#### To do:
Below are the records; retype them exactly and omit each picture.

== Supplied data

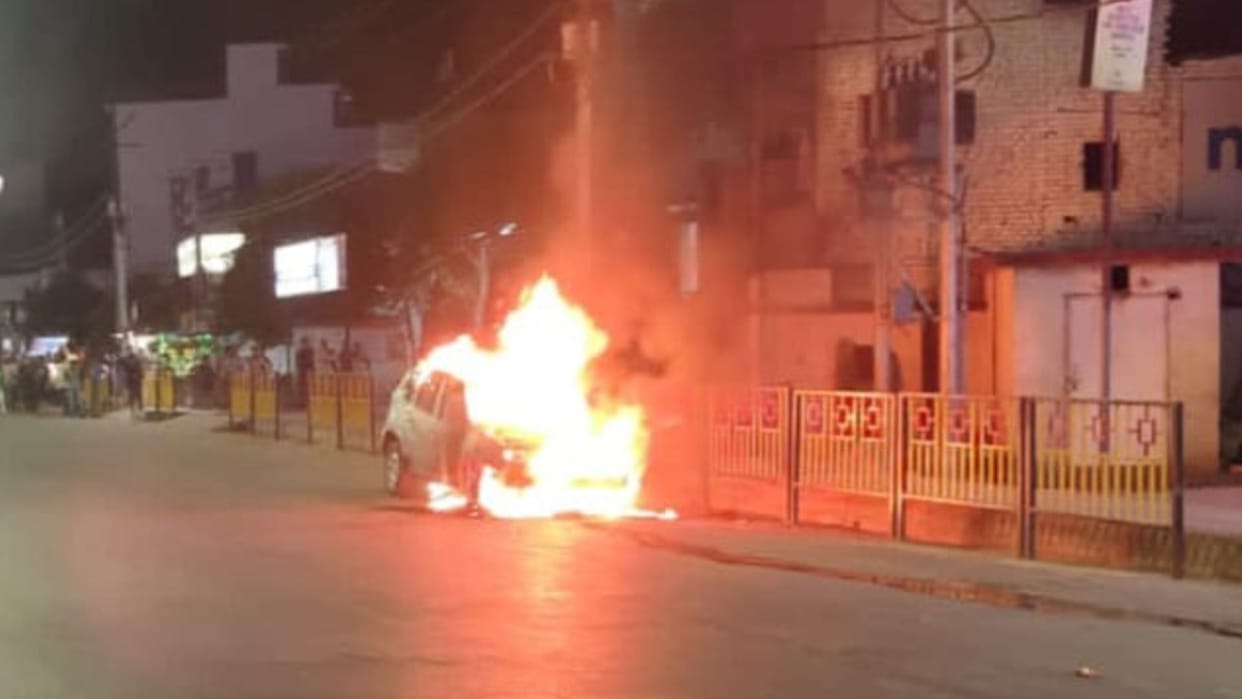 Young man saved his life jumping after car fire IN VAranasi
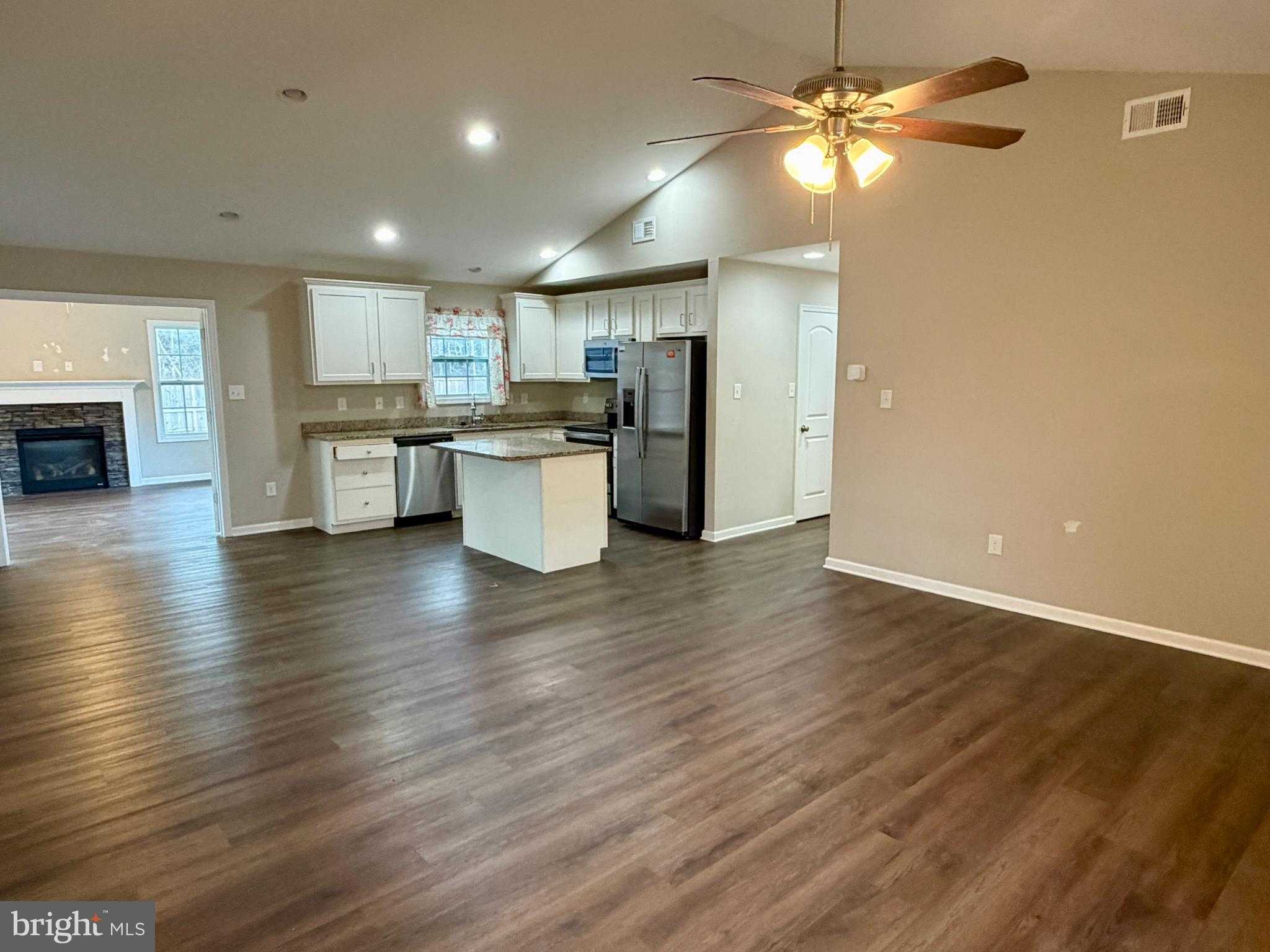 180 Sanibel Way photo 5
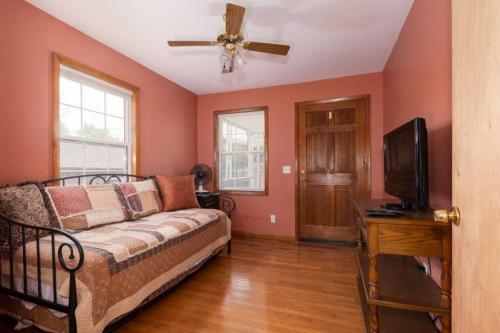 Chestnut Hill Retreat-spacious-3 Miles To Downtown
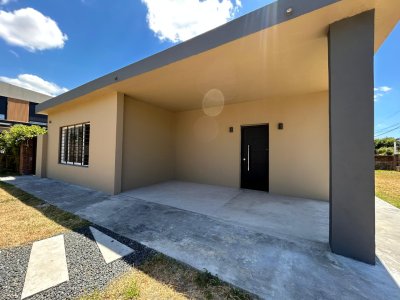 VENTA CASA PADRON UNICO  2 DORMITORIOS BARRA DE CARRASCO 
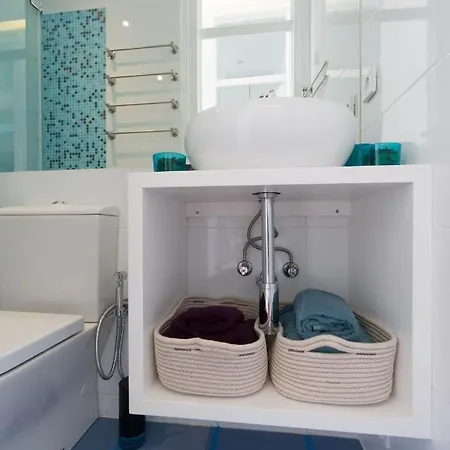 Apartment Charming In Center- Checkinhome Lisbon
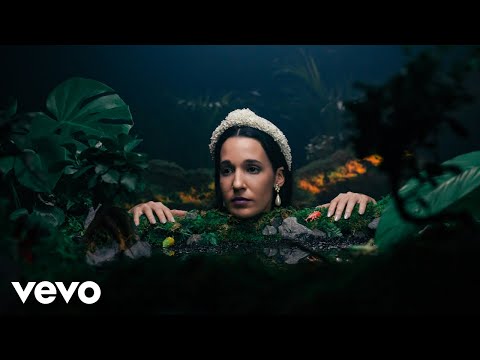 iLe - (Escapándome) de mí (Official Video)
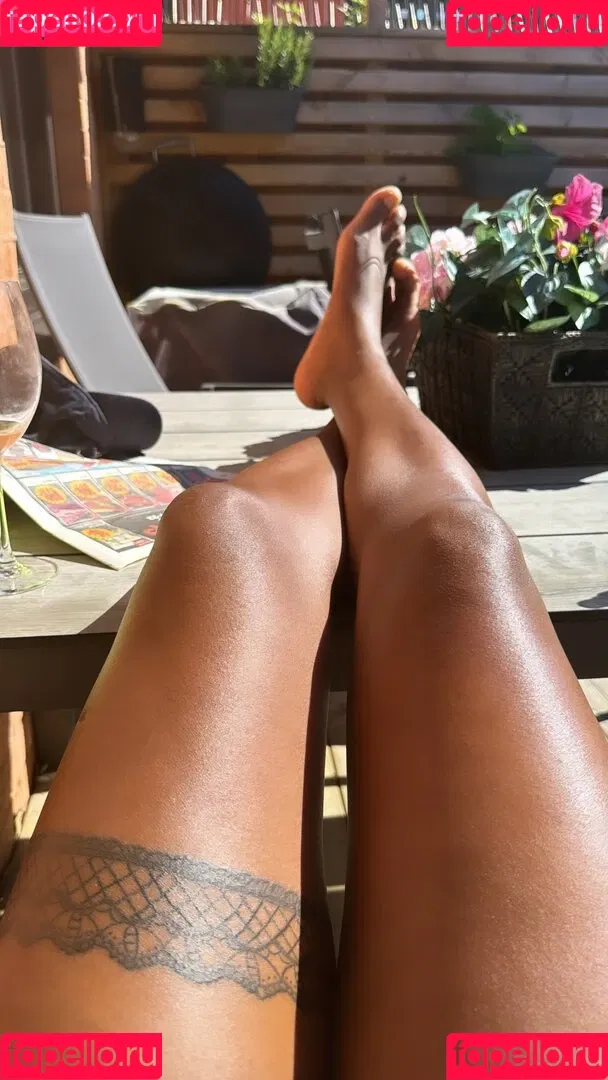 a.desuwa__ Onlyfans Photo Gallery 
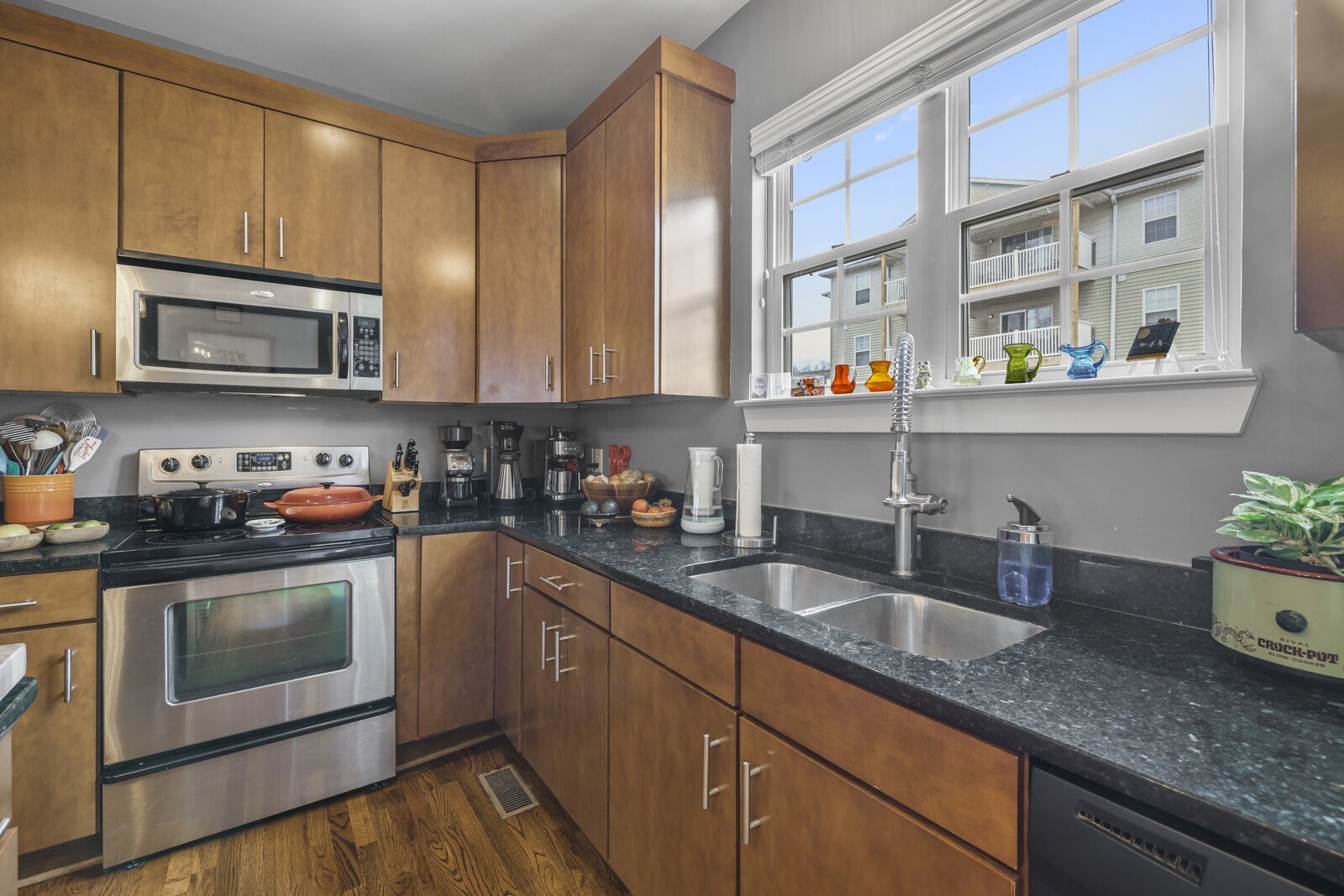 748 Wedgewood Park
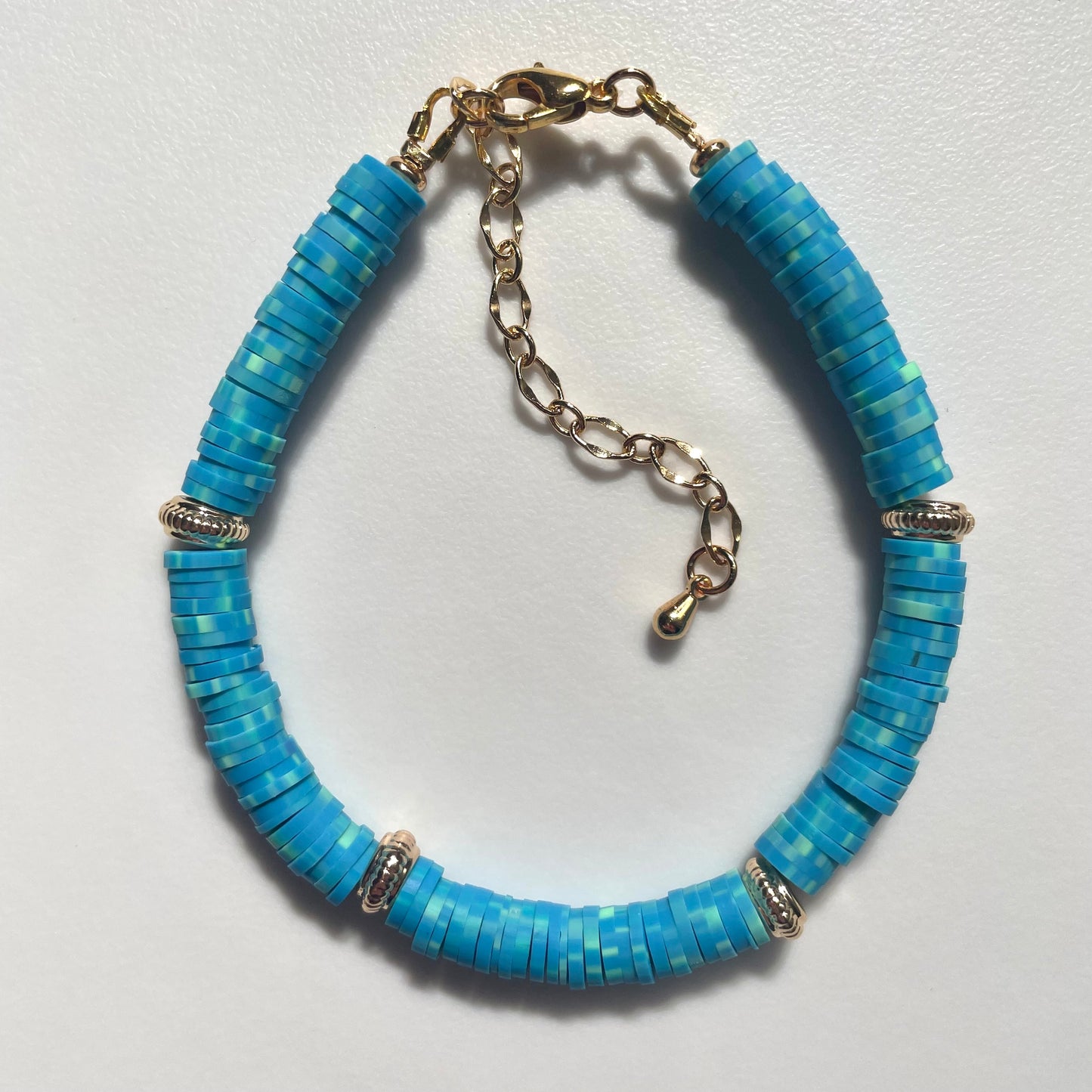 Pulsera de fimo y donas doradas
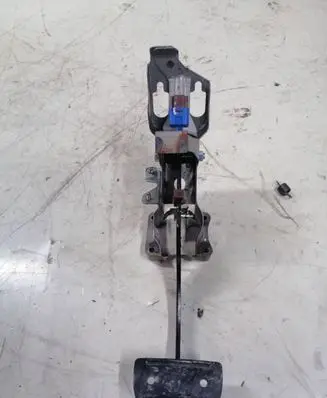 Subaru Forester SJ Brake pedal 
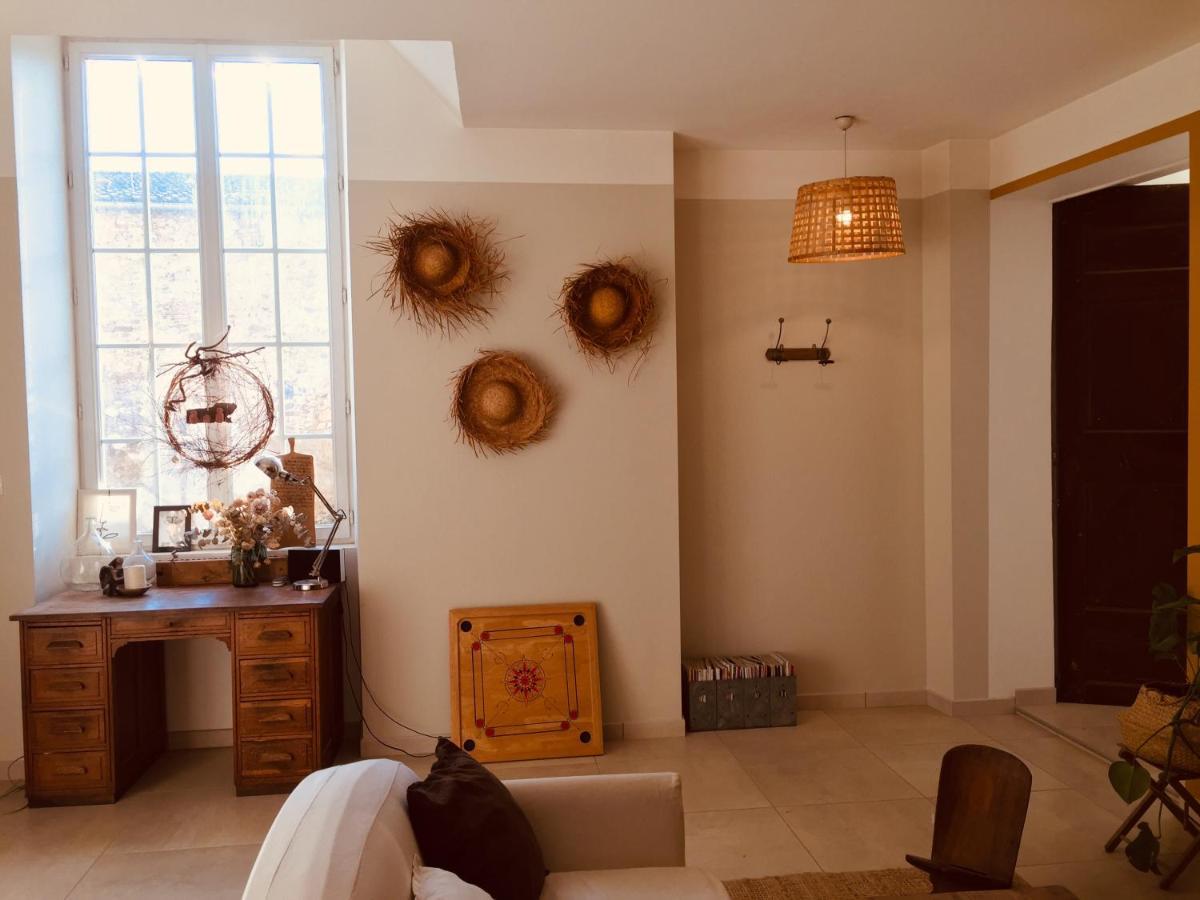 Ferme St Pierre 2 Suites Avec Repas, Piscine, Clim, Cheminee Ou Baignoire Spa Chabeuil Dış mekan fotoğraf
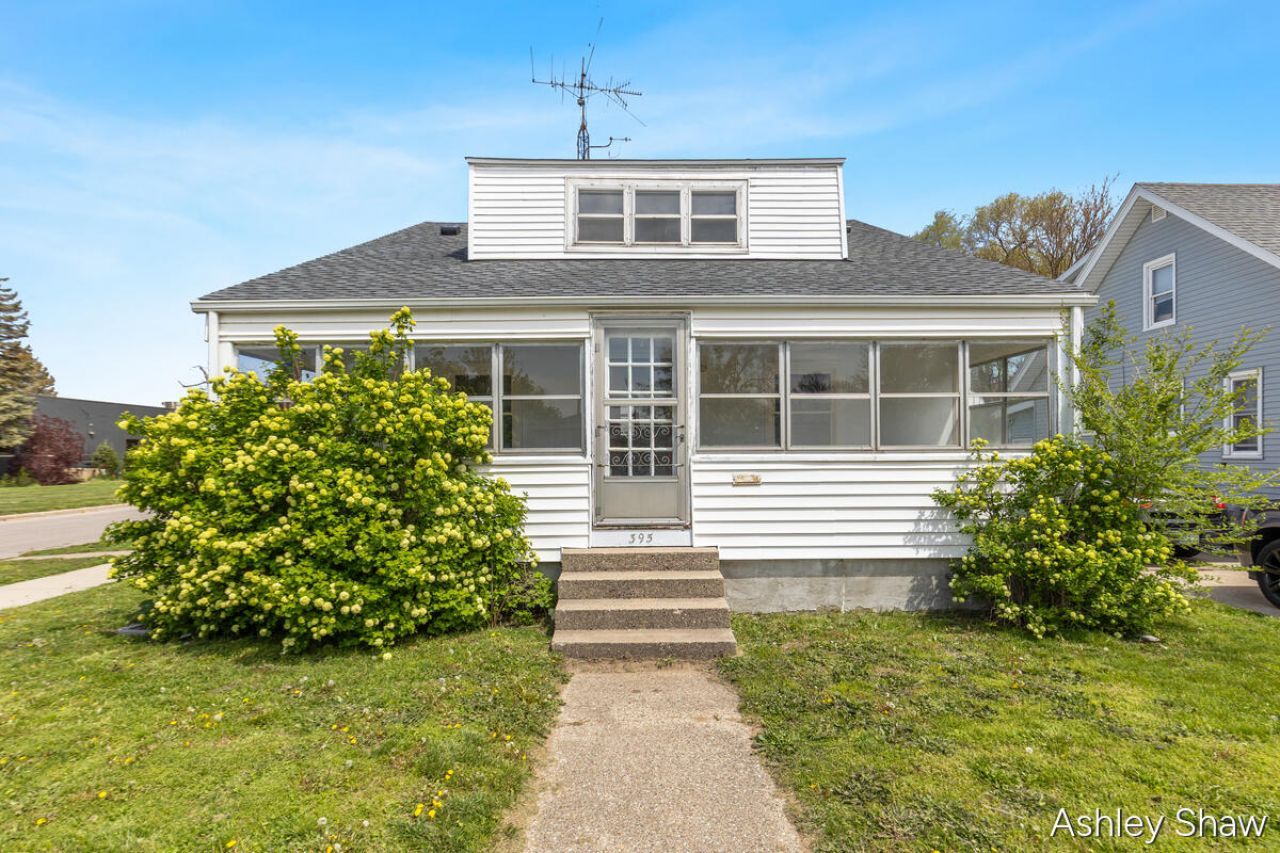 395 W 19th Street, Holland, MI 49423 Main Photo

====

#### Written response:
 Young man saved his life jumping after car fire IN VAranasi
 180 Sanibel Way photo 5
 Chestnut Hill Retreat-spacious-3 Miles To Downtown
 VENTA CASA PADRON UNICO  2 DORMITORIOS BARRA DE CARRASCO 
 Apartment Charming In Center- Checkinhome Lisbon
 iLe - (Escapándome) de mí (Official Video)
 a.desuwa__ Onlyfans Photo Gallery 
 748 Wedgewood Park
 Pulsera de fimo y donas doradas
 Subaru Forester SJ Brake pedal 
 Ferme St Pierre 2 Suites Avec Repas, Piscine, Clim, Cheminee Ou Baignoire Spa Chabeuil Dış mekan fotoğraf
 395 W 19th Street, Holland, MI 49423 Main Photo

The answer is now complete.